Here are 12 texts that absolutely prove Universal Reconciliation:

Philippians 2:9-11 Every Knee will Bow and Every Tongue Confess that Jesus is Lord

Colossians 1:20 Proves God will Reconcile All of His Creation

Romans 6:23 The Wages of Sin is Death – Not Eternal Torment and Not Annihilation (This coupled with the other verses show death is not final)

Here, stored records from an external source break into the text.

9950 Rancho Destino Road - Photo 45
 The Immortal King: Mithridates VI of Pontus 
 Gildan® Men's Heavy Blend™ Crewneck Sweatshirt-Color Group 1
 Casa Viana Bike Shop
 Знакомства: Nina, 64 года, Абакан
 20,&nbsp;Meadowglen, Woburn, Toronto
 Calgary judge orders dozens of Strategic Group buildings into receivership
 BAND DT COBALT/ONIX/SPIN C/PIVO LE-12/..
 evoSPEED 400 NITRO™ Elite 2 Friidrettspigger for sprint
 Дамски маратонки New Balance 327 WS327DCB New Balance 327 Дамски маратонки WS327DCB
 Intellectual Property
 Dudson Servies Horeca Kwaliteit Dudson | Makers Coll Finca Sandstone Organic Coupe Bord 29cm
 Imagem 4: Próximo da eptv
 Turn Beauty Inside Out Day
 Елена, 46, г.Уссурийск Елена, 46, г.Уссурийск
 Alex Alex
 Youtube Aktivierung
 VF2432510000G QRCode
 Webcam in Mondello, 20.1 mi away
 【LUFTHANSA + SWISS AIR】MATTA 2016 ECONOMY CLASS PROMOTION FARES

I Timothy 4:9-11 Proves God will Save All Mankind

I Timothy 2:3-6 Teaches Us God’s Will Concerning the Salvation of All

I John 2:2 Declares Christ Paid for the Sins of the Whole World

I John 4:14, John 4:42 Jesus Is the Savior of the World

John 12:31-33 Jesus Will Draw All Mankind unto Himself

Romans 5:12-19 Teaches All Mankind Will Be Justified

Romans 11:25-27 All Israel Shall Be Saved

Romans 11:30-32 God Has Concluded All in Unbelief that He Might Have Mercy Upon All

I Corinthians 15:20-28 The Consummation of All Things: God All in All

-- Richard

  • Please edit this to strictly answer the question and not to just advertise your books. That is not appropriate and must be removed.
    – curiousdannii
    May 16, 2021 at 21:23
  • Sorry, I've removed the reference; I was just referring for more information since a full explanation cannot be added in one post but I do understand and will no longer link to other works including my own. Thank you for the clarification. May 18, 2021 at 14:17

I, too, have come to believe in universal reconciliation based on the scriptures already quoted and on the issue of why God created humanity. It seems to me that it is surely very unfortunate that most of our modern Bible versions are (so called) translations that simply mimic the King James Version with all its contradictions. When one reads the Concordant Literal Version a number of contradictions are cleared up: we are saved by the faith of Jesus Christ, rather than by our faith in Him (Romans 3:22). If God is to indeed be the one and only God, and totally in control of His creation, as Isaiah clearly teaches, then God has a good plan for his creation in general, and for humans in particular, and no one or no thing can thwart that plan. The way I see it, anyway.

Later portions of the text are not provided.